Problem statement: Each entry that follows should be retyped exactly.

Entries provided:
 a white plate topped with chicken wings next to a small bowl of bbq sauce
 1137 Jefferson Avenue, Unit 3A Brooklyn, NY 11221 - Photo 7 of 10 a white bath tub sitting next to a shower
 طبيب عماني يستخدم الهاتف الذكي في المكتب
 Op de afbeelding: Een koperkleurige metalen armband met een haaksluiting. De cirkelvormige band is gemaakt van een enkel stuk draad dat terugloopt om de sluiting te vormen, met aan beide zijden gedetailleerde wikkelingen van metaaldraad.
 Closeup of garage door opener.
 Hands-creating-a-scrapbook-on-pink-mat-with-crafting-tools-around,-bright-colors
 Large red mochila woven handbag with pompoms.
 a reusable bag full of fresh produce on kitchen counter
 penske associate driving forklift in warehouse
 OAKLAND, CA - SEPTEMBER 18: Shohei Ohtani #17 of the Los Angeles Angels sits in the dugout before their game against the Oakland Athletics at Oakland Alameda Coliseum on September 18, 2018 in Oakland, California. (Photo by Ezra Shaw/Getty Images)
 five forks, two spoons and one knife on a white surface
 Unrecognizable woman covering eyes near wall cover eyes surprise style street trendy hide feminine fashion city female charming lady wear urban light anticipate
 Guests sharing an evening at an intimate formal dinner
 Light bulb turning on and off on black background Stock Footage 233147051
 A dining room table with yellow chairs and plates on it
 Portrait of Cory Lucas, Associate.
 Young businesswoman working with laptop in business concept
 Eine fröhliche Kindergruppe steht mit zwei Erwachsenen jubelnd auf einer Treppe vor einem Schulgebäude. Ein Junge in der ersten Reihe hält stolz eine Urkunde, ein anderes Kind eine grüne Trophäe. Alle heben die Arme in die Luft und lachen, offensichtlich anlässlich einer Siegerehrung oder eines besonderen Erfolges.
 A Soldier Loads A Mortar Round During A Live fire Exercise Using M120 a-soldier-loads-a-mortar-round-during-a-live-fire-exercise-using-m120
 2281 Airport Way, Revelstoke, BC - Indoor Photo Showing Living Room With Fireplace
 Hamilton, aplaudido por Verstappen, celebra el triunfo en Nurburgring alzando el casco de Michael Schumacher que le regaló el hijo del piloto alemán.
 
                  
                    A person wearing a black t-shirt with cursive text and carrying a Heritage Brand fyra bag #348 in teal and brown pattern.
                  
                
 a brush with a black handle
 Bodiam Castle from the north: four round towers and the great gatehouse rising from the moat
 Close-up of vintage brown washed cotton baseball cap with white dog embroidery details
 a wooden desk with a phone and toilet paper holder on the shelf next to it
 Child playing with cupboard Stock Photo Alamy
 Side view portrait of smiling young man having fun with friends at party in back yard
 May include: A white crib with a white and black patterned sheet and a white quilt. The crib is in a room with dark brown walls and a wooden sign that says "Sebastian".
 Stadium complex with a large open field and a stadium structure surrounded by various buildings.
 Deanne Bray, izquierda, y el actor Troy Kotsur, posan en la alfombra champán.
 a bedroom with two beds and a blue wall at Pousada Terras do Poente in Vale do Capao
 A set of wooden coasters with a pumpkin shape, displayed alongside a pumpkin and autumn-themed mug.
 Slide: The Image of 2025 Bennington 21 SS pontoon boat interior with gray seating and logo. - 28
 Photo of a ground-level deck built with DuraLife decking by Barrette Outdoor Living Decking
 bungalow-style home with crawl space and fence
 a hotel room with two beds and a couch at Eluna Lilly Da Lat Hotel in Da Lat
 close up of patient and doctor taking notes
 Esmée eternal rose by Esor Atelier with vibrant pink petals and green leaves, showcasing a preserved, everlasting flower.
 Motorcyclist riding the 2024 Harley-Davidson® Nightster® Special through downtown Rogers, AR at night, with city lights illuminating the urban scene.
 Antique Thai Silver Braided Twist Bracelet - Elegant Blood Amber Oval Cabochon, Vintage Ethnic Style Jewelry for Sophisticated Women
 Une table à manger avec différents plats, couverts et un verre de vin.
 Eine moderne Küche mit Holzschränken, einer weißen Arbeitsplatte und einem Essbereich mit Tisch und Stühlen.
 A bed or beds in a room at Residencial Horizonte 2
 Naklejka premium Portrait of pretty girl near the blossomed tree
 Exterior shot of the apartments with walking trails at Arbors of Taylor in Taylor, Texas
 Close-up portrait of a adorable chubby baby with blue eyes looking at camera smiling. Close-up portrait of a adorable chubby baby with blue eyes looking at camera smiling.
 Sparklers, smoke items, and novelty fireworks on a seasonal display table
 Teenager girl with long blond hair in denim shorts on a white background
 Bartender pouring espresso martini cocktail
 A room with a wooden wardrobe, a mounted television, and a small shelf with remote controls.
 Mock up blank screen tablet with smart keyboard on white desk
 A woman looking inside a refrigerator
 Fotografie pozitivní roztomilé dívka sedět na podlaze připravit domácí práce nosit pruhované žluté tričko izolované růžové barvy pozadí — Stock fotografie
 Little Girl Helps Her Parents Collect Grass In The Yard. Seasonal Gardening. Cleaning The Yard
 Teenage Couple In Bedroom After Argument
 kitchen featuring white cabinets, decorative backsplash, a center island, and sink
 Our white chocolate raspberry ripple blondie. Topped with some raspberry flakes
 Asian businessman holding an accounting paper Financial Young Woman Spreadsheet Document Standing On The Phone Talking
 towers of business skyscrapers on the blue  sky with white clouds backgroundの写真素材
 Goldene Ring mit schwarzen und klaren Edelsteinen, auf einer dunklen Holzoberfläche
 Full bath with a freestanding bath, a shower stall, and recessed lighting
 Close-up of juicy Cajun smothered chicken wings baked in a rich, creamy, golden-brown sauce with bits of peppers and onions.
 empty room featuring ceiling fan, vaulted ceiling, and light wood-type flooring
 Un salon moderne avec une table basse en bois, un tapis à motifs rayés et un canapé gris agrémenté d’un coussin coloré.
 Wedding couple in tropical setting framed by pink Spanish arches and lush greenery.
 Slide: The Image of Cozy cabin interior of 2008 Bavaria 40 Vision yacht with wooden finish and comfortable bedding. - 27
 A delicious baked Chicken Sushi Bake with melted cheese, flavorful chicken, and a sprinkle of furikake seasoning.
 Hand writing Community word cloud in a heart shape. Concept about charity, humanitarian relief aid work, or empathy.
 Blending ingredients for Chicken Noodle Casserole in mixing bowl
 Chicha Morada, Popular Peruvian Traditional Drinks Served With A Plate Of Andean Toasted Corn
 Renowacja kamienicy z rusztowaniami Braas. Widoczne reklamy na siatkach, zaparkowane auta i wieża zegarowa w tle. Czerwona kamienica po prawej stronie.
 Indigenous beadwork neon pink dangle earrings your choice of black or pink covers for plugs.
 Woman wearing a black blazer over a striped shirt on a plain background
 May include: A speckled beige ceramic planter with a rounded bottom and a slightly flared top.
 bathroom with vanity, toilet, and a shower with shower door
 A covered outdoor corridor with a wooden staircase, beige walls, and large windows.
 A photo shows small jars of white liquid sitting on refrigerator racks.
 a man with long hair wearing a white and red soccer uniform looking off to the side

Response to this task:
 a white plate topped with chicken wings next to a small bowl of bbq sauce
 1137 Jefferson Avenue, Unit 3A Brooklyn, NY 11221 - Photo 7 of 10 a white bath tub sitting next to a shower
 طبيب عماني يستخدم الهاتف الذكي في المكتب
 Op de afbeelding: Een koperkleurige metalen armband met een haaksluiting. De cirkelvormige band is gemaakt van een enkel stuk draad dat terugloopt om de sluiting te vormen, met aan beide zijden gedetailleerde wikkelingen van metaaldraad.
 Closeup of garage door opener.
 Hands-creating-a-scrapbook-on-pink-mat-with-crafting-tools-around,-bright-colors
 Large red mochila woven handbag with pompoms.
 a reusable bag full of fresh produce on kitchen counter
 penske associate driving forklift in warehouse
 OAKLAND, CA - SEPTEMBER 18: Shohei Ohtani #17 of the Los Angeles Angels sits in the dugout before their game against the Oakland Athletics at Oakland Alameda Coliseum on September 18, 2018 in Oakland, California. (Photo by Ezra Shaw/Getty Images)
 five forks, two spoons and one knife on a white surface
 Unrecognizable woman covering eyes near wall cover eyes surprise style street trendy hide feminine fashion city female charming lady wear urban light anticipate
 Guests sharing an evening at an intimate formal dinner
 Light bulb turning on and off on black background Stock Footage 233147051
 A dining room table with yellow chairs and plates on it
 Portrait of Cory Lucas, Associate.
 Young businesswoman working with laptop in business concept
 Eine fröhliche Kindergruppe steht mit zwei Erwachsenen jubelnd auf einer Treppe vor einem Schulgebäude. Ein Junge in der ersten Reihe hält stolz eine Urkunde, ein anderes Kind eine grüne Trophäe. Alle heben die Arme in die Luft und lachen, offensichtlich anlässlich einer Siegerehrung oder eines besonderen Erfolges.
 A Soldier Loads A Mortar Round During A Live fire Exercise Using M120 a-soldier-loads-a-mortar-round-during-a-live-fire-exercise-using-m120
 2281 Airport Way, Revelstoke, BC - Indoor Photo Showing Living Room With Fireplace
 Hamilton, aplaudido por Verstappen, celebra el triunfo en Nurburgring alzando el casco de Michael Schumacher que le regaló el hijo del piloto alemán.
 
                  
                    A person wearing a black t-shirt with cursive text and carrying a Heritage Brand fyra bag #348 in teal and brown pattern.
                  
                
 a brush with a black handle
 Bodiam Castle from the north: four round towers and the great gatehouse rising from the moat
 Close-up of vintage brown washed cotton baseball cap with white dog embroidery details
 a wooden desk with a phone and toilet paper holder on the shelf next to it
 Child playing with cupboard Stock Photo Alamy
 Side view portrait of smiling young man having fun with friends at party in back yard
 May include: A white crib with a white and black patterned sheet and a white quilt. The crib is in a room with dark brown walls and a wooden sign that says "Sebastian".
 Stadium complex with a large open field and a stadium structure surrounded by various buildings.
 Deanne Bray, izquierda, y el actor Troy Kotsur, posan en la alfombra champán.
 a bedroom with two beds and a blue wall at Pousada Terras do Poente in Vale do Capao
 A set of wooden coasters with a pumpkin shape, displayed alongside a pumpkin and autumn-themed mug.
 Slide: The Image of 2025 Bennington 21 SS pontoon boat interior with gray seating and logo. - 28
 Photo of a ground-level deck built with DuraLife decking by Barrette Outdoor Living Decking
 bungalow-style home with crawl space and fence
 a hotel room with two beds and a couch at Eluna Lilly Da Lat Hotel in Da Lat
 close up of patient and doctor taking notes
 Esmée eternal rose by Esor Atelier with vibrant pink petals and green leaves, showcasing a preserved, everlasting flower.
 Motorcyclist riding the 2024 Harley-Davidson® Nightster® Special through downtown Rogers, AR at night, with city lights illuminating the urban scene.
 Antique Thai Silver Braided Twist Bracelet - Elegant Blood Amber Oval Cabochon, Vintage Ethnic Style Jewelry for Sophisticated Women
 Une table à manger avec différents plats, couverts et un verre de vin.
 Eine moderne Küche mit Holzschränken, einer weißen Arbeitsplatte und einem Essbereich mit Tisch und Stühlen.
 A bed or beds in a room at Residencial Horizonte 2
 Naklejka premium Portrait of pretty girl near the blossomed tree
 Exterior shot of the apartments with walking trails at Arbors of Taylor in Taylor, Texas
 Close-up portrait of a adorable chubby baby with blue eyes looking at camera smiling. Close-up portrait of a adorable chubby baby with blue eyes looking at camera smiling.
 Sparklers, smoke items, and novelty fireworks on a seasonal display table
 Teenager girl with long blond hair in denim shorts on a white background
 Bartender pouring espresso martini cocktail
 A room with a wooden wardrobe, a mounted television, and a small shelf with remote controls.
 Mock up blank screen tablet with smart keyboard on white desk
 A woman looking inside a refrigerator
 Fotografie pozitivní roztomilé dívka sedět na podlaze připravit domácí práce nosit pruhované žluté tričko izolované růžové barvy pozadí — Stock fotografie
 Little Girl Helps Her Parents Collect Grass In The Yard. Seasonal Gardening. Cleaning The Yard
 Teenage Couple In Bedroom After Argument
 kitchen featuring white cabinets, decorative backsplash, a center island, and sink
 Our white chocolate raspberry ripple blondie. Topped with some raspberry flakes
 Asian businessman holding an accounting paper Financial Young Woman Spreadsheet Document Standing On The Phone Talking
 towers of business skyscrapers on the blue  sky with white clouds backgroundの写真素材
 Goldene Ring mit schwarzen und klaren Edelsteinen, auf einer dunklen Holzoberfläche
 Full bath with a freestanding bath, a shower stall, and recessed lighting
 Close-up of juicy Cajun smothered chicken wings baked in a rich, creamy, golden-brown sauce with bits of peppers and onions.
 empty room featuring ceiling fan, vaulted ceiling, and light wood-type flooring
 Un salon moderne avec une table basse en bois, un tapis à motifs rayés et un canapé gris agrémenté d’un coussin coloré.
 Wedding couple in tropical setting framed by pink Spanish arches and lush greenery.
 Slide: The Image of Cozy cabin interior of 2008 Bavaria 40 Vision yacht with wooden finish and comfortable bedding. - 27
 A delicious baked Chicken Sushi Bake with melted cheese, flavorful chicken, and a sprinkle of furikake seasoning.
 Hand writing Community word cloud in a heart shape. Concept about charity, humanitarian relief aid work, or empathy.
 Blending ingredients for Chicken Noodle Casserole in mixing bowl
 Chicha Morada, Popular Peruvian Traditional Drinks Served With A Plate Of Andean Toasted Corn
 Renowacja kamienicy z rusztowaniami Braas. Widoczne reklamy na siatkach, zaparkowane auta i wieża zegarowa w tle. Czerwona kamienica po prawej stronie.
 Indigenous beadwork neon pink dangle earrings your choice of black or pink covers for plugs.
 Woman wearing a black blazer over a striped shirt on a plain background
 May include: A speckled beige ceramic planter with a rounded bottom and a slightly flared top.
 bathroom with vanity, toilet, and a shower with shower door
 A covered outdoor corridor with a wooden staircase, beige walls, and large windows.
 A photo shows small jars of white liquid sitting on refrigerator racks.
 a man with long hair wearing a white and red soccer uniform looking off to the side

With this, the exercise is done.